El padre de Karl Olsen. Eso explicaría la presencia de aquel hombre en la expedición. Olsen padre ya debía de ser granjero en esa época y debió de haber proporcionado al equipo parte del material, quizá los vehículos o los animales, caballos o asnos. Eso, sin embargo, no permitía comprender su desaparición de las fotos poco tiempo después de la marcha de Niils Labba y de Ernst Flüger, el geólogo alemán.

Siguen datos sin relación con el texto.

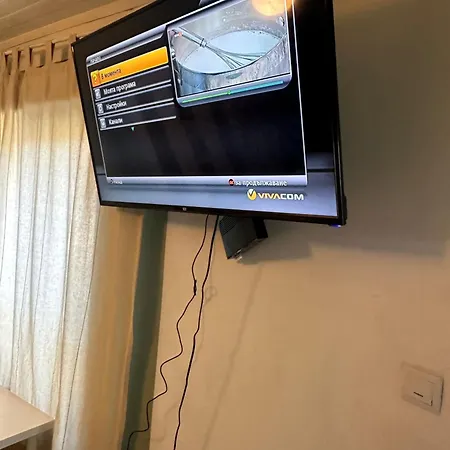 Gæstehus Chez Le Colonel Pool House Dobromirka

Aunque Karl Olsen aún no había nacido en esa época, quizá su padre le hubiera hablado de la expedición.

—Iremos a visitarle —dijo Klemet—. Ya veremos. ¿A qué hora se le puede encontrar en la granja?

—Oh, por la mañana seguro, porque Mikkel y John van a trabajar en sus máquinas. Van por la mañana, y al viejo Olsen le gusta tenerlos vigilados para comprobar que hacen bien su trabajo.

—¿John y Mikkel? ¿Hace tiempo que trabajan para Olsen? Creía que solo hacían algunos encargos extra en el taller.

—Esos están por todas partes. Ya hace años, sí, años, que rondan también por casa del viejo Olsen —respondió Berit—. Y Mattis iba a verlos a veces a la granja para hacer de mecánico con ellos. Mattis tomaba prestadas herramientas del viejo. Imagino que allí harían sus trapicheos.

El teléfono móvil de Klemet sonó. En la pantalla apareció el nombre de Tor Jensen. El retorno del Sheriff. Klemet se fue al salón y atendió la llamada. Solo duró unos minutos. El Sheriff estaba en Kautokeino, de regreso. No de incógnito, pero casi. Había sabido que se había apartado del caso a la policía de los renos. Quería ver a Klemet esa misma noche. El tono no engañó a Klemet. El Sheriff estaba de regreso y eso le complacía.

Al volver a la cocina, vio que Nina sonreía, resplandeciente. Una sonrisa con destellos de malicia. Y de intensa satisfacción. Sobre la mesita de la cocina, una forma oscura y redondeada descansaba sobre una manta. Klemet lo comprendió a primera vista. Tenía ante sus ojos el tambor, el que Mattis había robado. El que había causado su muerte.